Hue — A central Vietnamese city, this place is known for its emperors, particularly those between 1800 and 1945. It is nearby the DMZ (Demilitarized Zone) established in 1954 as the partition line between North and South Vietnam.
While traveling I listened to “Vietnam: A History” by Stanley Karnow and to “A Bright Shining Lie” by Neil Sheehan. The books are about the centuries of Vietnamese’ fight for freedom and independence from foreign invaders but even more about the arrogance of power. I hired a tour guide to take me to some of the places mentioned in these books. I felt that a visit to some of the famous battle sites will bring a different understanding and feeling of what happened.

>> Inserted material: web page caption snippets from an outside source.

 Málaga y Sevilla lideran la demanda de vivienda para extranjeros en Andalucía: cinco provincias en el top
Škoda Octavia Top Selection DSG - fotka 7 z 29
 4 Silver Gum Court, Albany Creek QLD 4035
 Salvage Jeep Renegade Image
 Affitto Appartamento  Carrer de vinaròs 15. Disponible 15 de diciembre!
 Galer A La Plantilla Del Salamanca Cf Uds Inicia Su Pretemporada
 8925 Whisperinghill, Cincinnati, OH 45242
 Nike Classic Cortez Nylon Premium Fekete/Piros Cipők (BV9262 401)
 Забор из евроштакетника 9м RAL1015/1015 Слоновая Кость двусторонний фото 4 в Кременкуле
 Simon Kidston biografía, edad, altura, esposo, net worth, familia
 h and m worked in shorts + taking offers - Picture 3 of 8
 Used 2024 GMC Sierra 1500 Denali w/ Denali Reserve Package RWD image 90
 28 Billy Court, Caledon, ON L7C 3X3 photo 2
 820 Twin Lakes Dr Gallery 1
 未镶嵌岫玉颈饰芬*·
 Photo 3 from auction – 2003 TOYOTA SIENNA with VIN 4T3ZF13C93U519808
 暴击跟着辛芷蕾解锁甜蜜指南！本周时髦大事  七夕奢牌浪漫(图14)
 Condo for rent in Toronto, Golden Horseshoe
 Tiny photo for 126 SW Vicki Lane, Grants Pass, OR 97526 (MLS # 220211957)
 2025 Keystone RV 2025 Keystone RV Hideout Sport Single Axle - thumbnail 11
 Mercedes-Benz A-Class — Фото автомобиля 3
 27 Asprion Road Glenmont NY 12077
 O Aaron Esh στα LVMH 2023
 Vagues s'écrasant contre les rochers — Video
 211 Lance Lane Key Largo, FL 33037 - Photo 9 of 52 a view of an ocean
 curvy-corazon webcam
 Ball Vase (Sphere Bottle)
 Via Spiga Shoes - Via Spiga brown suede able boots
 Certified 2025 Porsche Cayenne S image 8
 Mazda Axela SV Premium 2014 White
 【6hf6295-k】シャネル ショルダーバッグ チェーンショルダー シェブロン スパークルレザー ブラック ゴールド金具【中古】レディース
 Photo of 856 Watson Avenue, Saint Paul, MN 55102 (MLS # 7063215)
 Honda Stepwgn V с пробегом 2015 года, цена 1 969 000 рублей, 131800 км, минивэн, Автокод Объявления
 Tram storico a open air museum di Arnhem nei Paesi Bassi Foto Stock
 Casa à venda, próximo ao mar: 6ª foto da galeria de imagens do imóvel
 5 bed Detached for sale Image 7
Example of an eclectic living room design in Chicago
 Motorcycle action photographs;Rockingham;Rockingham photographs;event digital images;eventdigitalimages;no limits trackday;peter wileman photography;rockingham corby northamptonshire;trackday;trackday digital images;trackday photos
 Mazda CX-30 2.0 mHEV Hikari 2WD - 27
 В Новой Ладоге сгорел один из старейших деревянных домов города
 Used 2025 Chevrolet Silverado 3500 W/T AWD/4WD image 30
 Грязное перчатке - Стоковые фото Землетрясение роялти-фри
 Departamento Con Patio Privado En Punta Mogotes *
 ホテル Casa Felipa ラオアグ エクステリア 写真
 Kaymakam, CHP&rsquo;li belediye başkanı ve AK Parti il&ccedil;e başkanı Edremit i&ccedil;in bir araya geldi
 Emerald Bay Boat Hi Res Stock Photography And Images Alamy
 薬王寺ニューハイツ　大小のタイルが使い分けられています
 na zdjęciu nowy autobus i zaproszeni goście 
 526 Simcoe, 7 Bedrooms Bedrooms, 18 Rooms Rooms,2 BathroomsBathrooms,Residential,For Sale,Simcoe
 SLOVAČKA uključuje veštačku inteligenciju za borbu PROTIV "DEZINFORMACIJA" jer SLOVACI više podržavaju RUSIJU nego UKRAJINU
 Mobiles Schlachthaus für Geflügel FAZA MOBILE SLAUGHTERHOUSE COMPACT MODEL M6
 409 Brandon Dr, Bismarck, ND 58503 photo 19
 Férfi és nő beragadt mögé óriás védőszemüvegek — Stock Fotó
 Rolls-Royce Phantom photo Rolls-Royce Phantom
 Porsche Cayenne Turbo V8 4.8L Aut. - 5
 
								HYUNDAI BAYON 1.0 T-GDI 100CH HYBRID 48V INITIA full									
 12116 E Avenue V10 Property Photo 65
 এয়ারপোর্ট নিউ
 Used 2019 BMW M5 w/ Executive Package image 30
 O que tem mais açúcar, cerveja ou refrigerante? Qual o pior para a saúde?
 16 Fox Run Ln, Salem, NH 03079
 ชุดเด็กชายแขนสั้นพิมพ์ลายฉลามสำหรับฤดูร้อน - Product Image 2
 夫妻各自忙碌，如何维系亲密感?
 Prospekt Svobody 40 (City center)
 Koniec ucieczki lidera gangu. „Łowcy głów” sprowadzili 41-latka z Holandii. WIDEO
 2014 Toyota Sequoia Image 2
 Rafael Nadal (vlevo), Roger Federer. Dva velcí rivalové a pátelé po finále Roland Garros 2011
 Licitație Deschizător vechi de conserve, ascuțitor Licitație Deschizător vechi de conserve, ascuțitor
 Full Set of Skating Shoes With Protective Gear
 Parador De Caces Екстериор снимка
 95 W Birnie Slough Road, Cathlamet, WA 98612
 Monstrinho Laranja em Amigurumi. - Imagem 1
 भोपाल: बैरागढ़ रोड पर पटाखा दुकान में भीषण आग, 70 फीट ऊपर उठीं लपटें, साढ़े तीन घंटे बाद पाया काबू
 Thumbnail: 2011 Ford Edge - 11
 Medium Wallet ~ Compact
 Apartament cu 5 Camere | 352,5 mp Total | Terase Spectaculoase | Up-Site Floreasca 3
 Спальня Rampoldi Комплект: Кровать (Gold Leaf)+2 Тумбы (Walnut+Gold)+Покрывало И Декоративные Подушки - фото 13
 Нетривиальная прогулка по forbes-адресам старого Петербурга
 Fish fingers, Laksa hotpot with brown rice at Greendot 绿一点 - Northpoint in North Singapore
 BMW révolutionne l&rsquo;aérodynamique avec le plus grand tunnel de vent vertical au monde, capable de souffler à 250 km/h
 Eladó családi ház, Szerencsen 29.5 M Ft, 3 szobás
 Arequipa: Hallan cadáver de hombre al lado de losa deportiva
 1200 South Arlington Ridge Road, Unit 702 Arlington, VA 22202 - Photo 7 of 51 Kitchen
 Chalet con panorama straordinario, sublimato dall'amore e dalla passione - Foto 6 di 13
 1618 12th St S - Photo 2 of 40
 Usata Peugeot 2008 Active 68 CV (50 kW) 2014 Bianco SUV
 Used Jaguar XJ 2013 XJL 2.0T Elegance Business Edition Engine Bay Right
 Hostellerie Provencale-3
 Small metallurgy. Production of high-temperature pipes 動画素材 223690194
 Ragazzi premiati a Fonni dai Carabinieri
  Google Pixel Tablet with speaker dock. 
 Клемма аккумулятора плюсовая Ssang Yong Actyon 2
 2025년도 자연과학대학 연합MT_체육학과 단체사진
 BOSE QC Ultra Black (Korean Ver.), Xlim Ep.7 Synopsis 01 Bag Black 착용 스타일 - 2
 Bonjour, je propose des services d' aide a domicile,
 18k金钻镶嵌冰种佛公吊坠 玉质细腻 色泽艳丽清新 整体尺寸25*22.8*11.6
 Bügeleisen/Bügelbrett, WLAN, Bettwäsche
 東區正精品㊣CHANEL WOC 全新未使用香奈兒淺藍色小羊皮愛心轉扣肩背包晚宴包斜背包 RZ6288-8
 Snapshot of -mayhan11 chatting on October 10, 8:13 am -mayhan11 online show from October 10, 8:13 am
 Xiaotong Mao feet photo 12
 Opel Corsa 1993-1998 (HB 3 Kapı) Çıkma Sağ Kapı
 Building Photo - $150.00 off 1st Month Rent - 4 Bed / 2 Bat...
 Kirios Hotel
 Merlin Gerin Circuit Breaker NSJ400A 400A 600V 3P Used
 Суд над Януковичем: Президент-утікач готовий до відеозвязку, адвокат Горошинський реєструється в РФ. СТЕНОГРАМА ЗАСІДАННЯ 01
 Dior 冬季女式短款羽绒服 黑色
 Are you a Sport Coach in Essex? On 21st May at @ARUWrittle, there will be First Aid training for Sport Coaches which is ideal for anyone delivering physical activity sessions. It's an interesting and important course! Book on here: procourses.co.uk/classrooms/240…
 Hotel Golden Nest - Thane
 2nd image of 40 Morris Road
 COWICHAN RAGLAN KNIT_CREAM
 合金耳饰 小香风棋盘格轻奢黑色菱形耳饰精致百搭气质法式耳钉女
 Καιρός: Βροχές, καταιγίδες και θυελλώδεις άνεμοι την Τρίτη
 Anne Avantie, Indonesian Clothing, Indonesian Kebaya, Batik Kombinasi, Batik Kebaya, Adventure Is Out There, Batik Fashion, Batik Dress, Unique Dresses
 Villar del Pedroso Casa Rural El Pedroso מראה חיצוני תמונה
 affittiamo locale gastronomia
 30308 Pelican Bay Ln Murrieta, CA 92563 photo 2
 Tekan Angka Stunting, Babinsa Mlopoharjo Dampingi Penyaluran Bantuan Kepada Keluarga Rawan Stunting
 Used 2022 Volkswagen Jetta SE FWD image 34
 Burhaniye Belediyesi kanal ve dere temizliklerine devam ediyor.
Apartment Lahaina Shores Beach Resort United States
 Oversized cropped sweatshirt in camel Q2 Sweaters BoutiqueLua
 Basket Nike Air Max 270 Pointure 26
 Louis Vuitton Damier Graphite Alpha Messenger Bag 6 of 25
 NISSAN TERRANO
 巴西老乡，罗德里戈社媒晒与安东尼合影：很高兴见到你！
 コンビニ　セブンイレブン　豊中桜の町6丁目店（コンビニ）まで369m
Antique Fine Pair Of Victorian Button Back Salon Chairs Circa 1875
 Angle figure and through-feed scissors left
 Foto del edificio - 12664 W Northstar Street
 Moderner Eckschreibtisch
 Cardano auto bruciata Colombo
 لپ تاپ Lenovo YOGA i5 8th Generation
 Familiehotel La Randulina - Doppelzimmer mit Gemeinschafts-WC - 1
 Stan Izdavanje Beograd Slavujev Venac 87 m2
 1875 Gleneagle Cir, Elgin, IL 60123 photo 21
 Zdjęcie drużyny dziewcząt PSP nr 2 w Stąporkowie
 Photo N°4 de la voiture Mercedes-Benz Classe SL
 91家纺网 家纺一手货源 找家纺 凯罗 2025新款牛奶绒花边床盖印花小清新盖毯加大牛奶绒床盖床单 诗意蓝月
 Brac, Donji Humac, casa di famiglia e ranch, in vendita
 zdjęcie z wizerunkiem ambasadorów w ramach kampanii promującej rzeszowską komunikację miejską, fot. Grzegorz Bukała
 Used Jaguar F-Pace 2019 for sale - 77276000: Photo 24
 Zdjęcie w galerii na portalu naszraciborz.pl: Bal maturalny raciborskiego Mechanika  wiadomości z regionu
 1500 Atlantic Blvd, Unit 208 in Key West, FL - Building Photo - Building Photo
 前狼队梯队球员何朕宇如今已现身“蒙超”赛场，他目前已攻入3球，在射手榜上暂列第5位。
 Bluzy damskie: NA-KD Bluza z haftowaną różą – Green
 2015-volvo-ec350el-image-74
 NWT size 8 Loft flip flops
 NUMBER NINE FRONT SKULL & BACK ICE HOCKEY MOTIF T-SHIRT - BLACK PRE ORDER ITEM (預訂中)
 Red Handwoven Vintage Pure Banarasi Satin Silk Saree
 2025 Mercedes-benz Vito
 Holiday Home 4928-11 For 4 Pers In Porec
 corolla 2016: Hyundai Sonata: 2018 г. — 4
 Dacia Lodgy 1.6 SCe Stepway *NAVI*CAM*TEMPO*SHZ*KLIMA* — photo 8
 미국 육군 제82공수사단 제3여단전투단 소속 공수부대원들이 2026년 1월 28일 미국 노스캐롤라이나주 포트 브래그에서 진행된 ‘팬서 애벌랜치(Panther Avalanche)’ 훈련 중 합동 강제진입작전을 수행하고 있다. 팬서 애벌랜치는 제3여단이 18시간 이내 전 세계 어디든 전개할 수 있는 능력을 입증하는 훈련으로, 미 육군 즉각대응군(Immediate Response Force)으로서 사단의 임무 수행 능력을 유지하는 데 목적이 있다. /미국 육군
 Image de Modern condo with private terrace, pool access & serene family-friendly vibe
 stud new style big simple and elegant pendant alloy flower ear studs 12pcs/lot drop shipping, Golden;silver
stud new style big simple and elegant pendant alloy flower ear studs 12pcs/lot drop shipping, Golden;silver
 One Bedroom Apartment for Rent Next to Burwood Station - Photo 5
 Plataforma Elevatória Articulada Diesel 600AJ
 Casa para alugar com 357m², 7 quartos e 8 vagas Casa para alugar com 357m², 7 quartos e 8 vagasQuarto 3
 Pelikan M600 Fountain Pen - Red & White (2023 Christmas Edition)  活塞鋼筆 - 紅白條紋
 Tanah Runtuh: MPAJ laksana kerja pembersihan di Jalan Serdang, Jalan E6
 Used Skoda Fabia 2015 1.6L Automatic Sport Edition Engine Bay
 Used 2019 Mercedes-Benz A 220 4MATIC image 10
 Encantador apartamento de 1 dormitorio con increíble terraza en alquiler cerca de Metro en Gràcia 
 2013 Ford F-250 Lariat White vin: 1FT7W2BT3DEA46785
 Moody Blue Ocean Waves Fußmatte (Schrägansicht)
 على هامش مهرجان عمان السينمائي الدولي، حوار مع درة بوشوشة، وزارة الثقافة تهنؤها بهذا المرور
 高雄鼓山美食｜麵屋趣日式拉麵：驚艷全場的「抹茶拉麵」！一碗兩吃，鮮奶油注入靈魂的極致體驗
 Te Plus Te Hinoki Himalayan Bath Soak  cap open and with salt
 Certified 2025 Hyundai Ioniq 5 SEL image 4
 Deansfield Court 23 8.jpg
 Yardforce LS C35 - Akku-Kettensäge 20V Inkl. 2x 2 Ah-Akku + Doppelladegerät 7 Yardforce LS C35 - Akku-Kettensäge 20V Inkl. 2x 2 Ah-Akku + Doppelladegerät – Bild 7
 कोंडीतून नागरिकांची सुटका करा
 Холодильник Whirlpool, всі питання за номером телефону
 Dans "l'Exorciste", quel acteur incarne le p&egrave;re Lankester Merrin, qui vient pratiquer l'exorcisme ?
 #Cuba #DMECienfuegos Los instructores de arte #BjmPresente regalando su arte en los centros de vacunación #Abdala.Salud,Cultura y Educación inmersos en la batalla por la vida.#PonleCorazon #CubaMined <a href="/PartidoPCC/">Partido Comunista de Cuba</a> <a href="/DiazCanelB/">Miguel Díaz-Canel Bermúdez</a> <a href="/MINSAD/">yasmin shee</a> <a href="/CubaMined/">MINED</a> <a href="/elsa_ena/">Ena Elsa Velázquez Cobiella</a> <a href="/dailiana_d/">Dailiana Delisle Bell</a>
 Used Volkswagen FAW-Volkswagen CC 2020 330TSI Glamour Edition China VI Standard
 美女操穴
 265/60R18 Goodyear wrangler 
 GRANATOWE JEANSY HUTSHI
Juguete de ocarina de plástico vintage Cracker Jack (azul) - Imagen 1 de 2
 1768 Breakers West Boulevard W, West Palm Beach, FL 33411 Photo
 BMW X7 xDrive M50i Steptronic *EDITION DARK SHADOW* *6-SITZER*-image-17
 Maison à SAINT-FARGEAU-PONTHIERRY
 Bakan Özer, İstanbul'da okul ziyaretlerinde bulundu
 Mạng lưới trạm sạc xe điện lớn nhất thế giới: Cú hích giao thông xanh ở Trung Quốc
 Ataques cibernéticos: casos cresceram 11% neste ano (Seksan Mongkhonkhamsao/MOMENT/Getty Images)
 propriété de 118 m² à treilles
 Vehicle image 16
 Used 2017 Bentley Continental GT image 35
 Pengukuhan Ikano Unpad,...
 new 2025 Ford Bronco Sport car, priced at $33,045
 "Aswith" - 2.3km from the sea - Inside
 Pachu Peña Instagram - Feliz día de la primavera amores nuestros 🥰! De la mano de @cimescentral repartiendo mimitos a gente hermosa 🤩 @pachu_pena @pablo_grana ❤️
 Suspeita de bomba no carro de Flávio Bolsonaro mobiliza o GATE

The actual American bases and the famous Ho Chi Minh trail are long vanished, but the jungle and the terrain are just the same.
What happened in the Battle of Khe Sanh?
The Battle of Khe Sanh began on January 21, 1968, when forces from the People’s Army of North Vietnam carried out a massive artillery bombardment on the U.S. Marine garrison at Khe Sanh, located in South Vietnam near the border with Laos. Cut off and surrounded, about 5,000 Marines successfully defended the base from being captured by an overwhelming North Vietnamese Army of about 20,000 troops. The siege lasted 11 weeks. The original combat base is long gone but the history is still there along with a few left-over helicopters, tanks and aircraft the Americans left behind. The larger context of the Khe Sanh battle was to divert the attention of the American commanders and the president away from the goal of the Tet Offensive, which aimed to strike a blow in urban areas and end the war.
What are the Vinh Moc Tunnels?
Located near the DMZ these tunnels were built by the local villagers to protect themselves when the Americans were bombing the area between 1966 to 1972. The Americans were under the impression that the village was supporting the North Vietnamese forces with food and supplies and wanted to force the villagers out. In the beginning, the local people dug the tunnels 12 meters underground. In response, the Americans designed a bomb that could hit targets 12 meters under the surface so, the villagers kept digging and eventually established a second level at 15 meters deep, then a third level at 23 meters deep. Every single citizen of Vinh Moc Tunnel survived the war. It is a place to visit and reminisce on courage, sacrifice, blood, sweat, and tears.